> [Exercise] Lines before the one containing "2023领跑卡线上成长营，淘" are excluded; reproduce that line and all lines after it in the entries below, exactly.

——————

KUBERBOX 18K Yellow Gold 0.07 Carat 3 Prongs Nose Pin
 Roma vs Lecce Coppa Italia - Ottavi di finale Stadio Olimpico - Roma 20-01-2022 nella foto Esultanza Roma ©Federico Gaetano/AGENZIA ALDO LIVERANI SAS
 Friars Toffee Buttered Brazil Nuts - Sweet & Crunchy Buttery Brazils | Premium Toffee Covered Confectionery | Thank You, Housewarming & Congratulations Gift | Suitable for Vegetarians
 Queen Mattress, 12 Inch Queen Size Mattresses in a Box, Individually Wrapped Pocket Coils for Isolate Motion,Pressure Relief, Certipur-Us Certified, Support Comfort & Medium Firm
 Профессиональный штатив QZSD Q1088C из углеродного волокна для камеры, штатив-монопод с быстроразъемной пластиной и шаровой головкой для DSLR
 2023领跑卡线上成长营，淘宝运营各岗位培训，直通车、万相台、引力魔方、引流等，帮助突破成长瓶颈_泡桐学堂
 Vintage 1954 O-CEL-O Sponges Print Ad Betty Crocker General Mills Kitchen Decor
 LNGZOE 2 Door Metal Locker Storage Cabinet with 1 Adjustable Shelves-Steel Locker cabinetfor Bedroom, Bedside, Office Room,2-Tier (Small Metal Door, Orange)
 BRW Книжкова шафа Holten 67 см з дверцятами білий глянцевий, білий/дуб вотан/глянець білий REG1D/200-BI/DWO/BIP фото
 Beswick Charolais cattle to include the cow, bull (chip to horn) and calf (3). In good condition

——————

> [Solution below]
 2023领跑卡线上成长营，淘宝运营各岗位培训，直通车、万相台、引力魔方、引流等，帮助突破成长瓶颈_泡桐学堂
 Vintage 1954 O-CEL-O Sponges Print Ad Betty Crocker General Mills Kitchen Decor
 LNGZOE 2 Door Metal Locker Storage Cabinet with 1 Adjustable Shelves-Steel Locker cabinetfor Bedroom, Bedside, Office Room,2-Tier (Small Metal Door, Orange)
 BRW Книжкова шафа Holten 67 см з дверцятами білий глянцевий, білий/дуб вотан/глянець білий REG1D/200-BI/DWO/BIP фото
 Beswick Charolais cattle to include the cow, bull (chip to horn) and calf (3). In good condition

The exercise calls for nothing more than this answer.